Small Business Owners: What You Need To Know About Wills
Creating a Will is complex when you own a business. You have a large estate, issues around succession and tax complications. It’s also likely that a large part of your wealth, and your family’s source of income, is tied up in the business. Making a Will is not only important but necessary.
At Winright, we understand that running a business is not easy and takes up a lot of your time. We’re a small business ourselves! You may not consider meeting with a lawyer and discussing your estate plan as a priority at the moment, but taking care of family and those you love is always at the top of your list. Therefore, it is essential that you take a moment to prepare your Will in case the unthinkable happens.
You should consult a lawyer if you:
- Have a buy-sell agreement with co-owners,
- Don’t have an emergency plan,
- Haven’t yet appointed a successor,
- Are leaving the business to family, or
- Haven’t assessed the tax liabilities that may be incurred.

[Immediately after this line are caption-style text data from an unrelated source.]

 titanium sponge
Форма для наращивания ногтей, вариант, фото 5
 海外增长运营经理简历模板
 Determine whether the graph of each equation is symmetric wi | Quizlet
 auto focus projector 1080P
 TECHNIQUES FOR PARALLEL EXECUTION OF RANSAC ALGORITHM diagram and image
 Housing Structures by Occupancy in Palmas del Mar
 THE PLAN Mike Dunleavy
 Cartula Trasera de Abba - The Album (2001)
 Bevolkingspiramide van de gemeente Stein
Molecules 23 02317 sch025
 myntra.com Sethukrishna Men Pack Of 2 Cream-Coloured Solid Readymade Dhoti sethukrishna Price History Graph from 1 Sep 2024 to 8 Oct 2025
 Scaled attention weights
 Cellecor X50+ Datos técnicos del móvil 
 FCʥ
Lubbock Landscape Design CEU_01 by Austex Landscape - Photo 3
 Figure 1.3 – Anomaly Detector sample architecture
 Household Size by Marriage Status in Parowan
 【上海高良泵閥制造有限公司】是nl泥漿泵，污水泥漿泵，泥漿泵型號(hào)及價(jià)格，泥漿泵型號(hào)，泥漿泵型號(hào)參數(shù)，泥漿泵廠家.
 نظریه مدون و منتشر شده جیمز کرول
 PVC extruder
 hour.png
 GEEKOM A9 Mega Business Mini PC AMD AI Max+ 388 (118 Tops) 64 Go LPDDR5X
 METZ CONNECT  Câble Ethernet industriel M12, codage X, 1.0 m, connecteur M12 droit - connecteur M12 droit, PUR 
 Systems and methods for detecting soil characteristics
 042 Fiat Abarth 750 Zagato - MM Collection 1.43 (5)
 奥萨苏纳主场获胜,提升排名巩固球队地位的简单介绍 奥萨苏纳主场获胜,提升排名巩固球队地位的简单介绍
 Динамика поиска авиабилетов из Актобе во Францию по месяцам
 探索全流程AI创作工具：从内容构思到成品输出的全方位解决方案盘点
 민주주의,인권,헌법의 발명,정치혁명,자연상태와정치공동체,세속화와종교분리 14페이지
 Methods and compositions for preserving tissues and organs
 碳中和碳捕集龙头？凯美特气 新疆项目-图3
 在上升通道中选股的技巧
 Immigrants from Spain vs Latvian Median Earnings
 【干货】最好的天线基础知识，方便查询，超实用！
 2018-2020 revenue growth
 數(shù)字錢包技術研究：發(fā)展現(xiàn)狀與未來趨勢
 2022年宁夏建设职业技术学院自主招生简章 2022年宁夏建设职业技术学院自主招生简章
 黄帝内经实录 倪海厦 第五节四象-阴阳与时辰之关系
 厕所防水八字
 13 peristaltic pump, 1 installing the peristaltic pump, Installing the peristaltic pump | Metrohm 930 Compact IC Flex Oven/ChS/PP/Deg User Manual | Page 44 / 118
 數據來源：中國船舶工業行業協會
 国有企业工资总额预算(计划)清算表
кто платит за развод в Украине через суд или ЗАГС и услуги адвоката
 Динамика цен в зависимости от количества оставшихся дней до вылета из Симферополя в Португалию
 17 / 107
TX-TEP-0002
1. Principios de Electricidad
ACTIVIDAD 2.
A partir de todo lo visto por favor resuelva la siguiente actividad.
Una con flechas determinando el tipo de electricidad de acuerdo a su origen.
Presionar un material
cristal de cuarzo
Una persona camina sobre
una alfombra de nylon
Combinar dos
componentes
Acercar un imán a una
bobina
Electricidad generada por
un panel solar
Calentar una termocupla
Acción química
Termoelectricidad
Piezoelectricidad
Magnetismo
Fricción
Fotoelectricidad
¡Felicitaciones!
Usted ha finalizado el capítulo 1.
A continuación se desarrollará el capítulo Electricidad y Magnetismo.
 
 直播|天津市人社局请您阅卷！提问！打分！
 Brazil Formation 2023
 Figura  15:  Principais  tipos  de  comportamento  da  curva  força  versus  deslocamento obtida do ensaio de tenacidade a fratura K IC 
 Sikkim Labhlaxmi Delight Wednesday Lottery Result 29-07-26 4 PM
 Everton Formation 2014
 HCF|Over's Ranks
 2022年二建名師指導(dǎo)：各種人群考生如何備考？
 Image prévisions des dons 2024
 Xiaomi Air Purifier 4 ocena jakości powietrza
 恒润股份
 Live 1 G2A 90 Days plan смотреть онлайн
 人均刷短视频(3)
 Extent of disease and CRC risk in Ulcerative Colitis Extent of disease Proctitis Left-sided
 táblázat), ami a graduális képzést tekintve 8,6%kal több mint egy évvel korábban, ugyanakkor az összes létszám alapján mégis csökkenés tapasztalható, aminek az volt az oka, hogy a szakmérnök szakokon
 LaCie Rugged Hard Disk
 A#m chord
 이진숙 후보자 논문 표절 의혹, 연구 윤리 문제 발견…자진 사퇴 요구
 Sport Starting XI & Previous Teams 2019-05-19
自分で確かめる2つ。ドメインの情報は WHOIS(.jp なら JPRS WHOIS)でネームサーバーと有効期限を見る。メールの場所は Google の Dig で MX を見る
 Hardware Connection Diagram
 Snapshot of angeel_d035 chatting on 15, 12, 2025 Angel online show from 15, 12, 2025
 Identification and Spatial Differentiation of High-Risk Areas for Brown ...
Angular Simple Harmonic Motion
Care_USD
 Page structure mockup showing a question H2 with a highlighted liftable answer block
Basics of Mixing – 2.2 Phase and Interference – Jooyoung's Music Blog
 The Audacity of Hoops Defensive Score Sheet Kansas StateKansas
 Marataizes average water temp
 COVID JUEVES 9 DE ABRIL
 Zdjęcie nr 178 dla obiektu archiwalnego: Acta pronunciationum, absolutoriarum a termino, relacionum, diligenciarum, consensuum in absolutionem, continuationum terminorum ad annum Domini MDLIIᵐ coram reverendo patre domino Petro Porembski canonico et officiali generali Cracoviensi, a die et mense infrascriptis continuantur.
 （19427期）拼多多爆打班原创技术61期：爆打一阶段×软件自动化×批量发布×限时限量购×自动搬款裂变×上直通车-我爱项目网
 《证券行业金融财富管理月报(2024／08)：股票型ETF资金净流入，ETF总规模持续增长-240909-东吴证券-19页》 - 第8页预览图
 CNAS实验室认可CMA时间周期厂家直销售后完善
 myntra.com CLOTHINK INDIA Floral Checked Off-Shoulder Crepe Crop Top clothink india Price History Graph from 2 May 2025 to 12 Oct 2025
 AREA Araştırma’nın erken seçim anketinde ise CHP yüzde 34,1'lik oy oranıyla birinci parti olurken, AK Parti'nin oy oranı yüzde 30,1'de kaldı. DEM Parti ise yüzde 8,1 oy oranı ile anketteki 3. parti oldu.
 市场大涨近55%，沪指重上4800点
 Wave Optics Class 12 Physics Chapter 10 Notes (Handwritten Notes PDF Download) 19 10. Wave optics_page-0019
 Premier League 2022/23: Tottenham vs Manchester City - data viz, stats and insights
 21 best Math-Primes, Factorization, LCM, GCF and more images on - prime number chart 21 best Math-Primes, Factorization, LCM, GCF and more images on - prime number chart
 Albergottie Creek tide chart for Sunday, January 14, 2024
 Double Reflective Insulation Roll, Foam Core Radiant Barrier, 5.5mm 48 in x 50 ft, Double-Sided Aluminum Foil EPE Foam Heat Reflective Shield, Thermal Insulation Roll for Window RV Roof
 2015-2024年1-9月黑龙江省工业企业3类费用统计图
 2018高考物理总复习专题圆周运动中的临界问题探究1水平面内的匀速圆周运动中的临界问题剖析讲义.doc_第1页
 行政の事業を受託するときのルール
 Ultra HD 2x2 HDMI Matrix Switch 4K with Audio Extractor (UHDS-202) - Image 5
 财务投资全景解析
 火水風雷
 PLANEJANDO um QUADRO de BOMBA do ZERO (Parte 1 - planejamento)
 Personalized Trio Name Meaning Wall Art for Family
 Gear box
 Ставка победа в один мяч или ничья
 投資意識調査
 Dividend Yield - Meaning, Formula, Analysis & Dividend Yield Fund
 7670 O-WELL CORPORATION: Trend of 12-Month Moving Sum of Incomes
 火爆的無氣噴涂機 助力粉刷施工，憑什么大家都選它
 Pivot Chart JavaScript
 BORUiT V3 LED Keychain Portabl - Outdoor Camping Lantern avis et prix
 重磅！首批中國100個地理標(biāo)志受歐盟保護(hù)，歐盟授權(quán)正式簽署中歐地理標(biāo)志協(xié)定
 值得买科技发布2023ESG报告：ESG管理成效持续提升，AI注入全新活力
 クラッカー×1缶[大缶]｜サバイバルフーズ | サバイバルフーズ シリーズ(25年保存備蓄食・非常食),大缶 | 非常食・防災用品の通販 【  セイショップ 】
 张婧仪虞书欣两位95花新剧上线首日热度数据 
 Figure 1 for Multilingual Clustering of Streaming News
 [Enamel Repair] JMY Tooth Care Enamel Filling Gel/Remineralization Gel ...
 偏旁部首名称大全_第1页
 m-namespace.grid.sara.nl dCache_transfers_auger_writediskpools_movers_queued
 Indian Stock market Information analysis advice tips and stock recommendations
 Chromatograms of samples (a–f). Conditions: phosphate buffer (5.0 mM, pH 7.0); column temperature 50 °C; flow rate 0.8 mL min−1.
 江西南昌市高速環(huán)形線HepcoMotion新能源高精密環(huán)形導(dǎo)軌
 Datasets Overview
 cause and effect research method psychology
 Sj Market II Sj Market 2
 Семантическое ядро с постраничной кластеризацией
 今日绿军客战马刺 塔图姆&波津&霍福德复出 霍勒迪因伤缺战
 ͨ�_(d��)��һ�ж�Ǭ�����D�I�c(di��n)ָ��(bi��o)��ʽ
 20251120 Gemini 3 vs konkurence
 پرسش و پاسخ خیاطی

Most businesses which are owner-dependent, are run by a single person and will shut down in the loss of the founder. Whether you own a manufacturing business, retail shop, are a contractor, doctor, lawyer, dentist or other service provider, with proper planning and early investment of some time and energy, you can ensure that your business continues its success and even become multigenerational.
Your Will should:
- Be in writing,
- Signed in the presence of two witnesses, and
- Show a record of your last wishes.
This legally binding Will ensures that you:
- Have control over your estate,
- Have a succession plan in place,
- Avoid conflict and stress, and
- Have a plan for your estate.
Keep in mind that if you don’t leave a Will with directions about what should happen to your business, the laws of intestacy will be enforced and the strict formula may result in actions being taken against your wishes. The company could end up in the hands of your spouse or children even if they’re teenagers, from a previous marriage or don’t get along with you or your family without a mechanism for someone you trust to manage it.
In the end, what’s the point of building a successful and exciting business if you don’t properly plan for handing it over to your successors.